Selecting option 1 loads in the game proper. Like with the first Shipwrecked, you are now treated to a backdrop of a location on board Jupiter 3 with the message 'Press SPACE To Start'. Yet the width and breadth of the playing area now fills the whole screen and waiting for a slideshow of the playing locations is in vain.

This is because, whereas the first jaunt was a Citadel-compariable room-to-room release, this whole element has been dispensed with now that Dominic Ford is really showing off. He is now pitting you in an Exilesque scenario - where the screen cleverly scrolls around to keep your character in the centre of it!

Note hastily at once this isn't another Exile however. What it is, in terms of gameplay, is the more of the same as you'd imagine when comparing it with the prequel. That is, a graphic adventure where you need to collect and use objects from and in various places and carry certain coloured passes to get through those coloured doors. There's a brilliant use of all of the BBC/Electron's colours and the scrolling keeps pace with the action reasonably well, although it's a bit jerky on an Elk with MRB and it's best to play without it (even though the speed is so evidently reduced!).
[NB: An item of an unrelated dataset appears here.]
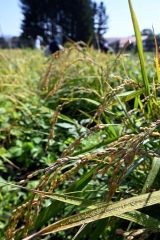 こうべを垂らし、黄金色に育った本別産の陸稲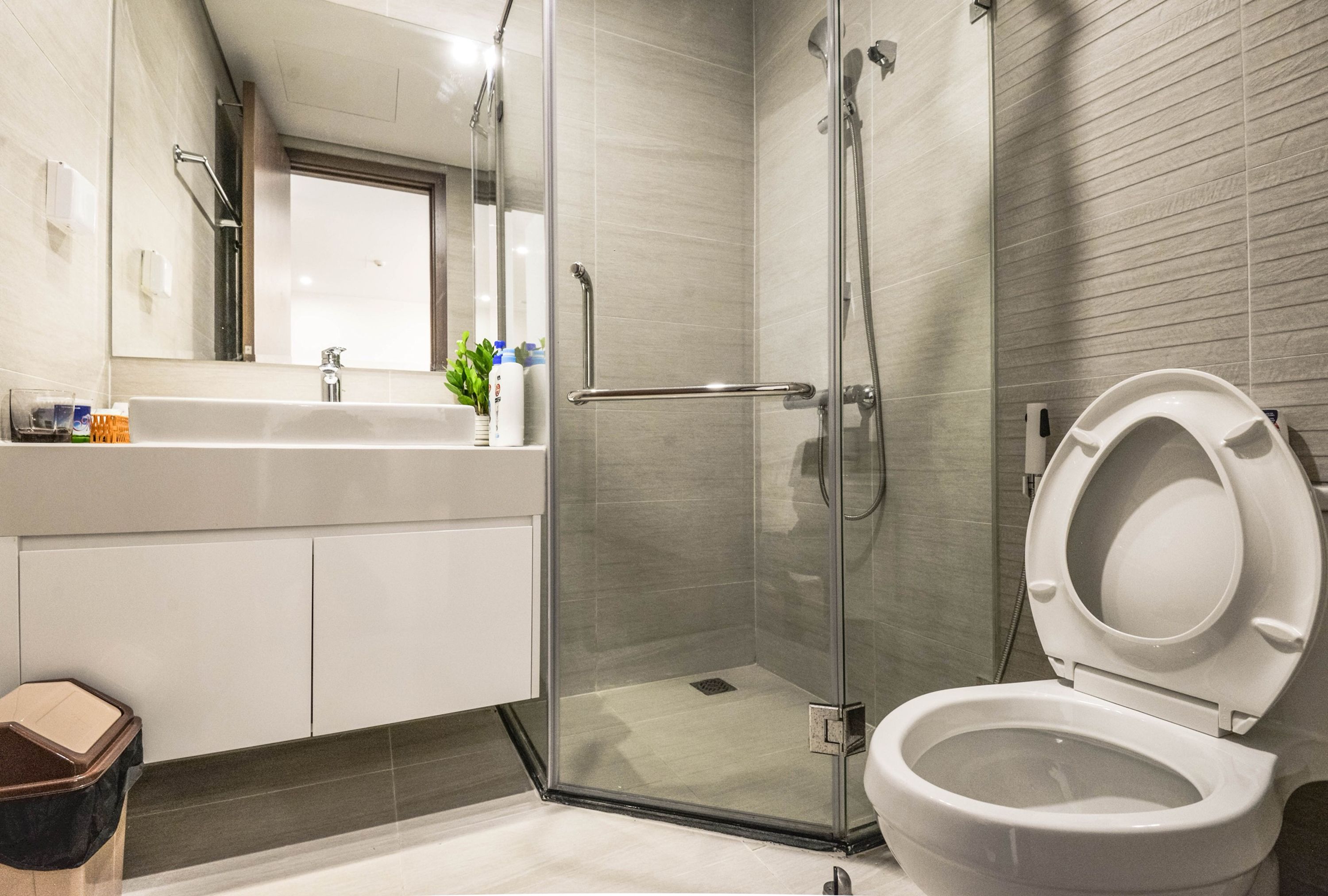 A modern bathroom with a glass-enclosed shower, a white toilet, and a vanity with a mirror.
There are added touches to the craft, such as zero-gravity sections - and a fatal oil hazard in one area - and these are interesting, even if only at first. You may soon have reservations about Zero-G. It's a real nightmare to navigate without finding your man flying around the screen in the same patterns time after time!

You have been equipped with a marginally more crappy gun than you had in Shipwrecked and shooting the aliens basically has the effect that you lose lots of power getting close enough to them and as soon as they are scrolled back onto the screen after a short voyage to another part of the 'map' they mysteriously reincarnate. All these 'features' quickly become irritating, due in most part to the game being so frustratingly difficult. It really is one of the toughest pieces of software you've ever played...

The situation isn't helped by instructions which concentrate in large measure on the irrelevant. These can be accessed by selecting the second option from the disc version menu. (Printed instructions accompany the tape version!) The Game Objective section simply states words to the effect of 'Return Jupiter III to its orbit around Mars'. Great! How?

Completing the game, via the in-built option 3 immortality cheat (The only way to proceed unless you are a glutton for punishment!) will yield a four digit code that can be entered by selecting option 4. Doing so receives congrats and information about Dominic Ford's plans for the final Shipwrecked game - which never made it into production.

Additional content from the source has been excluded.